**What this task involves**. A word-for-word copy of the data is what's wanted; pictures stay out of it.

**Source records**.
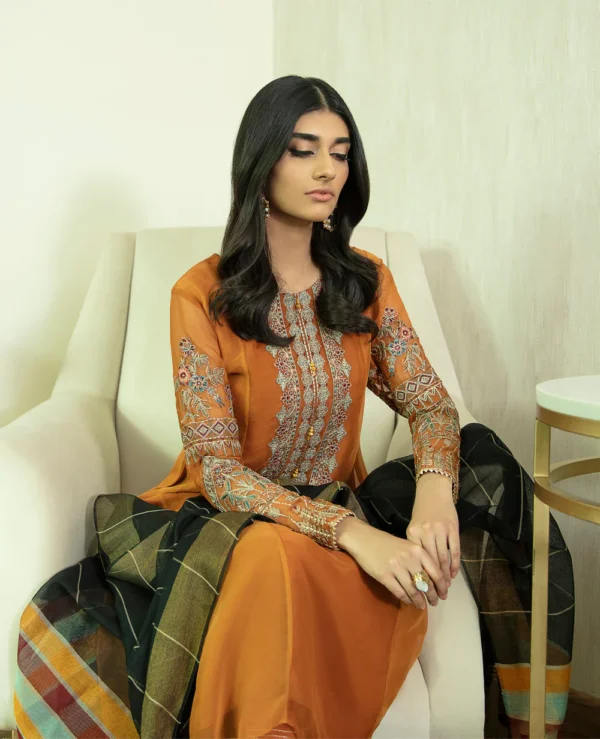 XENIA FORMALS DIYA - Image 3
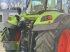 Traktor del tipo CLAAS ARION 440 CIS MIT FL 120, Gebrauchtmaschine In Vohburg (Immagine 8)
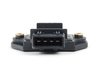ES#10206 - 4A0905351A - Ignition Control Unit - Priced Each - Cure misfires and clear the check engine light - Beru - Audi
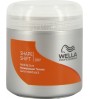 Wella Gomme modelante 150ml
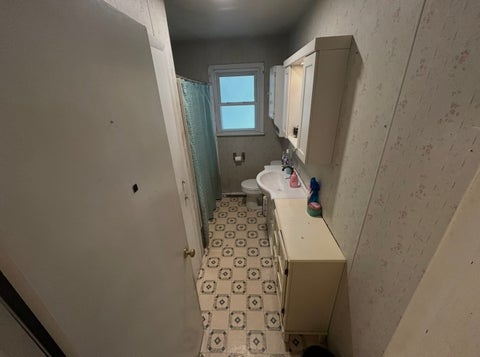 Tiny photo for 11 Holiday Terrace, Centralia, IL 62801 (MLS # 12682360)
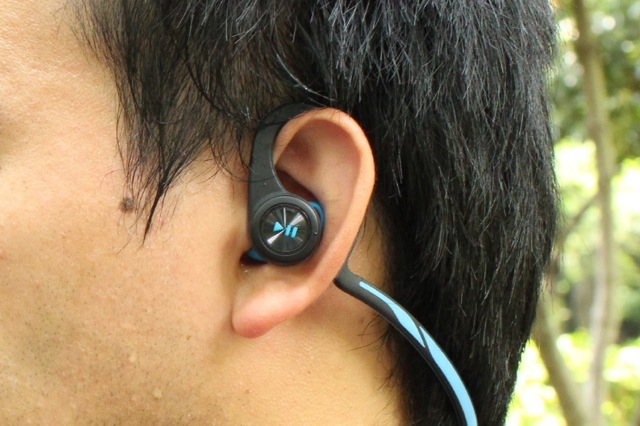 back beat fit - 04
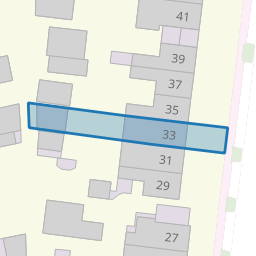 Perceel AAL01-A-2921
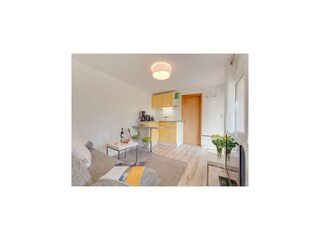 Ferienhaus Neuendorf (Gnitz) Ausstattung 14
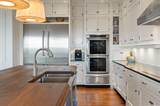 83 Blue Heron Pond Road - Photo 32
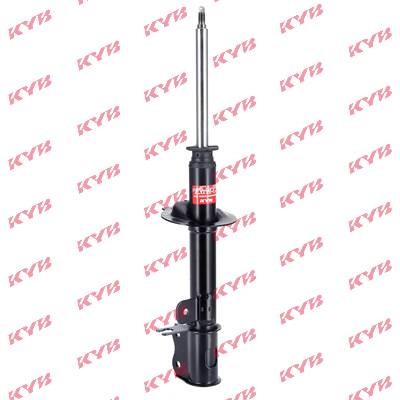 KYB 333420 Excel-G amortizor
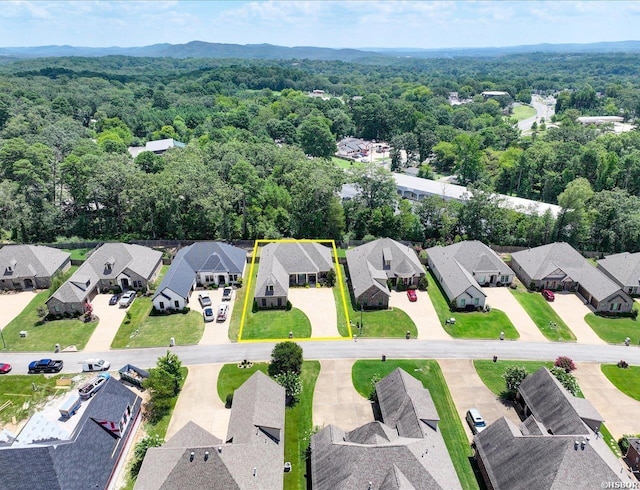 283 Arlington Park Dr, Hot Springs, AR 71901 - photo 44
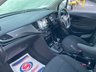 USED 2017 17 VAUXHALL MOKKA X 1.4i Turbo Active SUV 5dr Petrol Manual Euro 6 (s/s) (140 ps) 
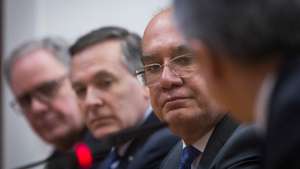 Gilmar Mendes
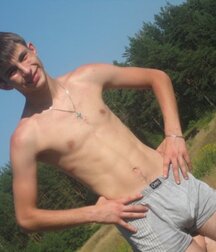 les twink porn beaux  gay tube 5f43c828df173.jpg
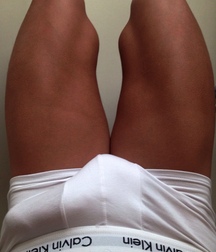 hommes again gay tube twink mix 5fef8ce549cb4.jpg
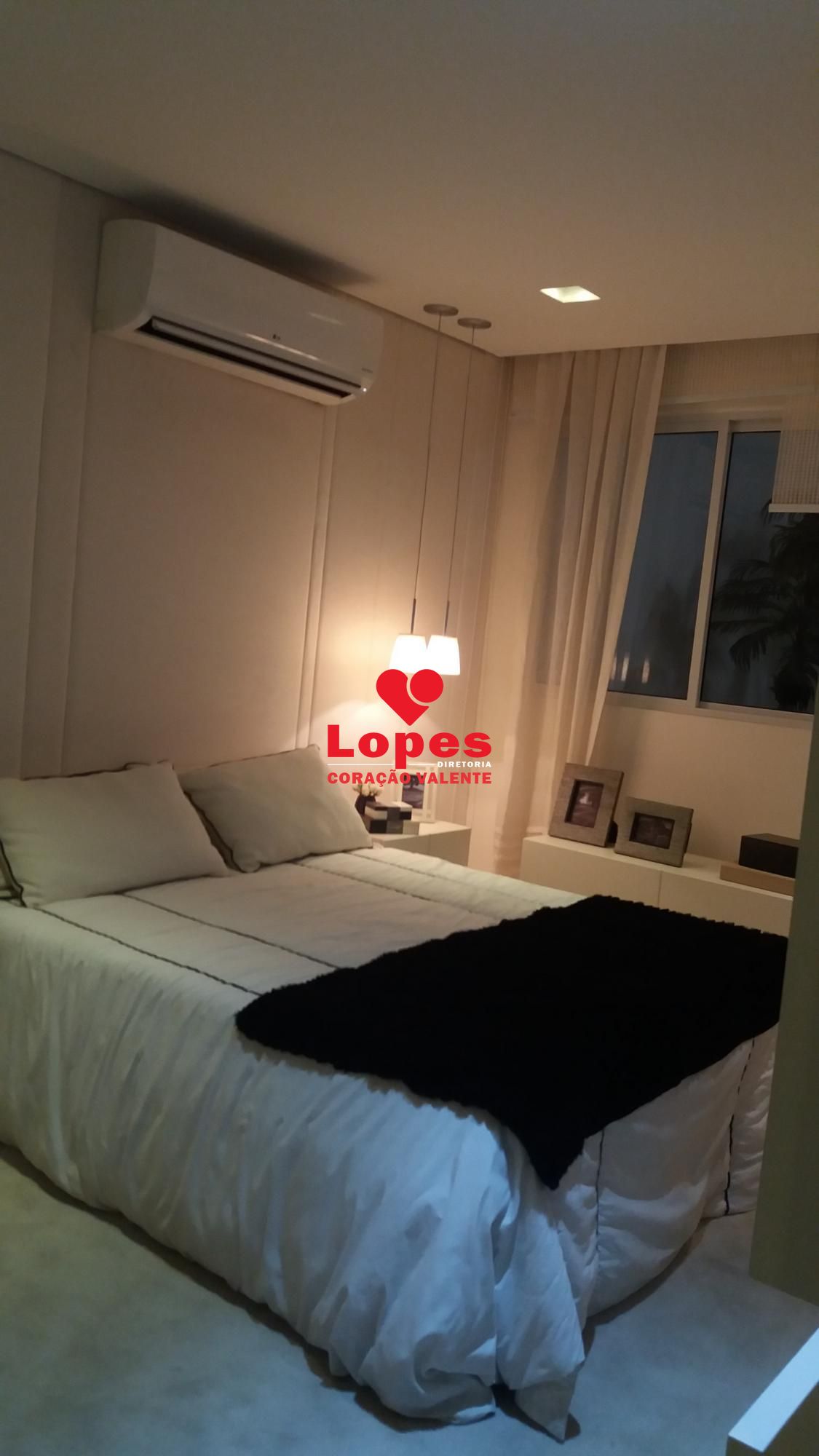 Apartamento à venda com 3 quartos, 110m² - Foto 20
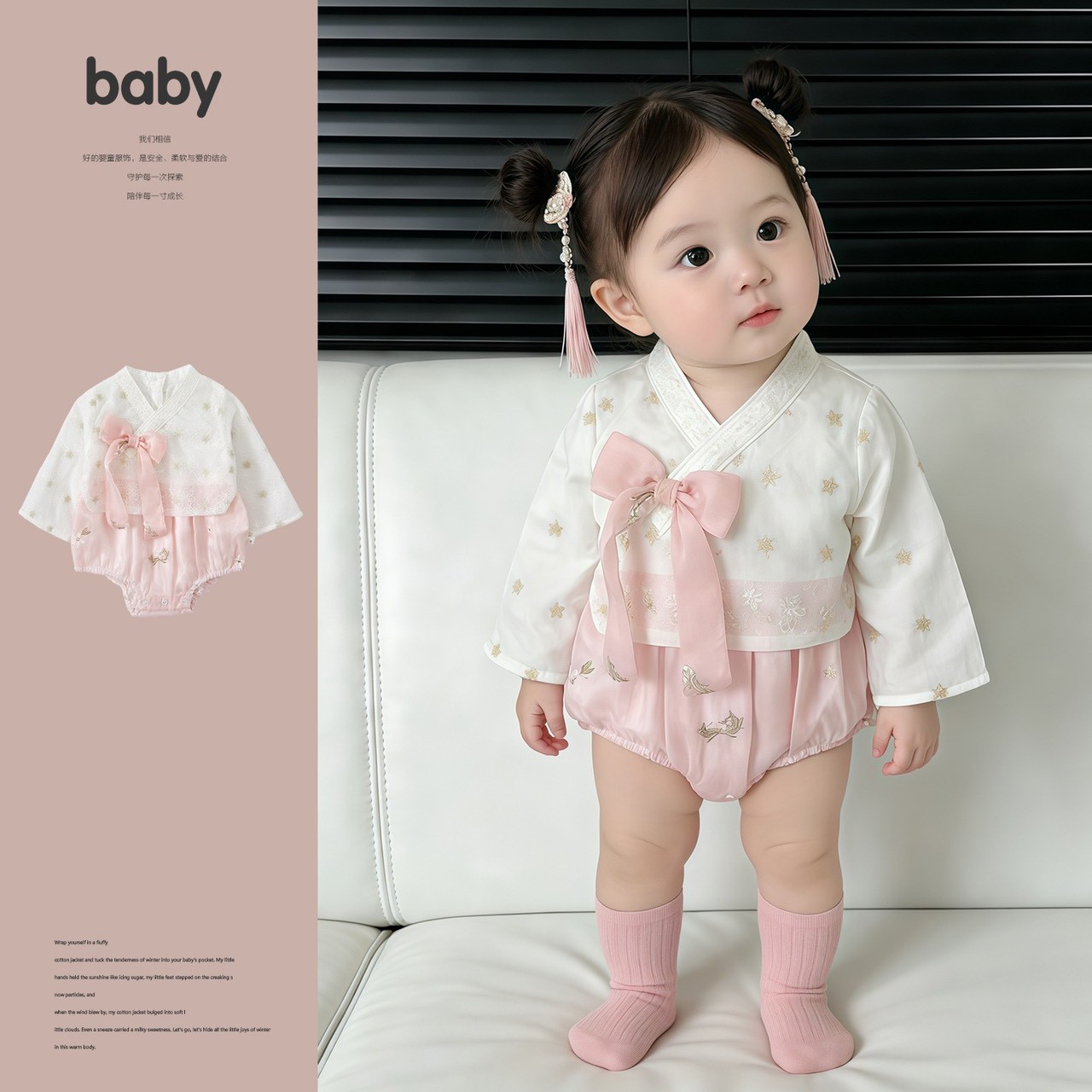 LINE_ALBUM_2026225 _1_260226_39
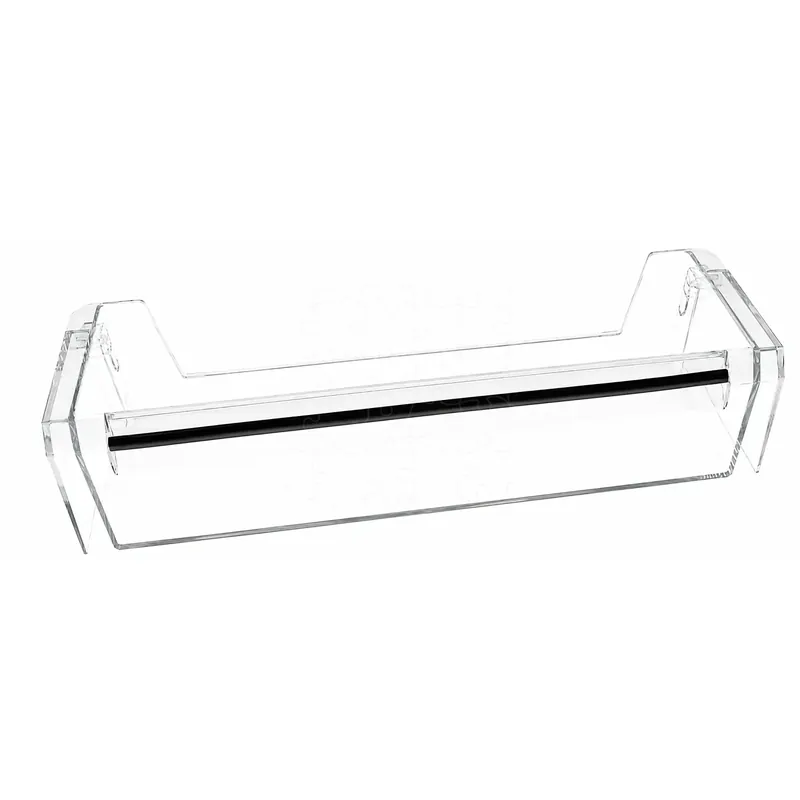 Compra Hoy Estante botellero KG2504AEB, SDD2304EBW, HEKGK17754E, FEDORAKG275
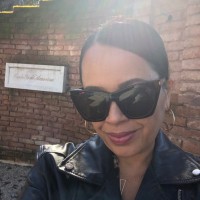 Sandra S. Castillo Email & Phone Number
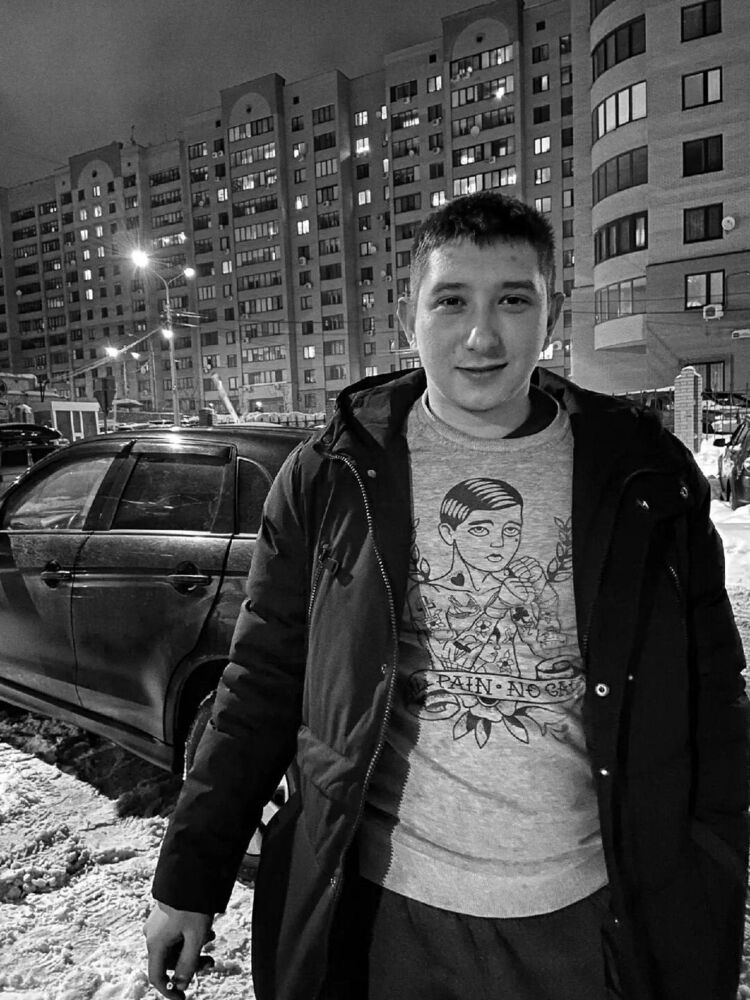 ���������� ������, ���� ����� ���������, 23 ����, ������������ ��� ������, ����� � ���������, c�������� ���������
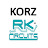 Korz - RK Circuits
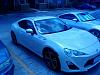 Traded up for Whiteout FR-S-412265_482750755083944_571819515_o.jpg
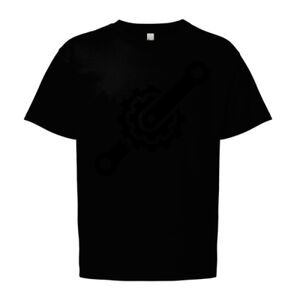 Softstyle® Youth T-Shirt Thumbnail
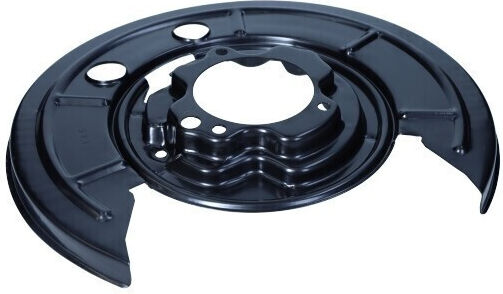 Herth+Buss Bremsscheibenschützer Für Citroen Jumper Rückseite Rechts 06 4212 C4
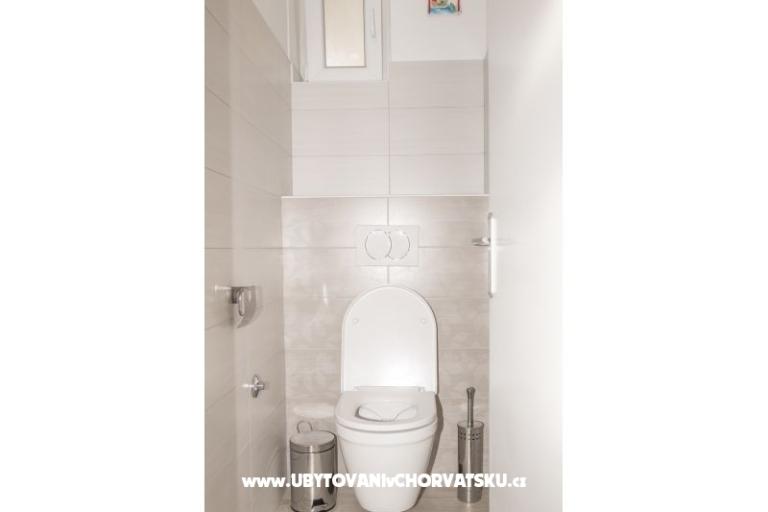 Apartmány Ines – foto 14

**Answer to this exercise**.
 XENIA FORMALS DIYA - Image 3
 Traktor del tipo CLAAS ARION 440 CIS MIT FL 120, Gebrauchtmaschine In Vohburg (Immagine 8)
ES#10206 - 4A0905351A - Ignition Control Unit - Priced Each - Cure misfires and clear the check engine light - Beru - Audi
 Wella Gomme modelante 150ml
 Tiny photo for 11 Holiday Terrace, Centralia, IL 62801 (MLS # 12682360)
 back beat fit - 04
 Perceel AAL01-A-2921
 Ferienhaus Neuendorf (Gnitz) Ausstattung 14
 83 Blue Heron Pond Road - Photo 32
 KYB 333420 Excel-G amortizor
 283 Arlington Park Dr, Hot Springs, AR 71901 - photo 44
 USED 2017 17 VAUXHALL MOKKA X 1.4i Turbo Active SUV 5dr Petrol Manual Euro 6 (s/s) (140 ps) 
 Gilmar Mendes
 les twink porn beaux  gay tube 5f43c828df173.jpg
 hommes again gay tube twink mix 5fef8ce549cb4.jpg
 Apartamento à venda com 3 quartos, 110m² - Foto 20
 LINE_ALBUM_2026225 _1_260226_39
 Compra Hoy Estante botellero KG2504AEB, SDD2304EBW, HEKGK17754E, FEDORAKG275
 Sandra S. Castillo Email & Phone Number
 ���������� ������, ���� ����� ���������, 23 ����, ������������ ��� ������, ����� � ���������, c�������� ���������
 Korz - RK Circuits
 Traded up for Whiteout FR-S-412265_482750755083944_571819515_o.jpg
 Softstyle® Youth T-Shirt Thumbnail
 Herth+Buss Bremsscheibenschützer Für Citroen Jumper Rückseite Rechts 06 4212 C4
 Apartmány Ines – foto 14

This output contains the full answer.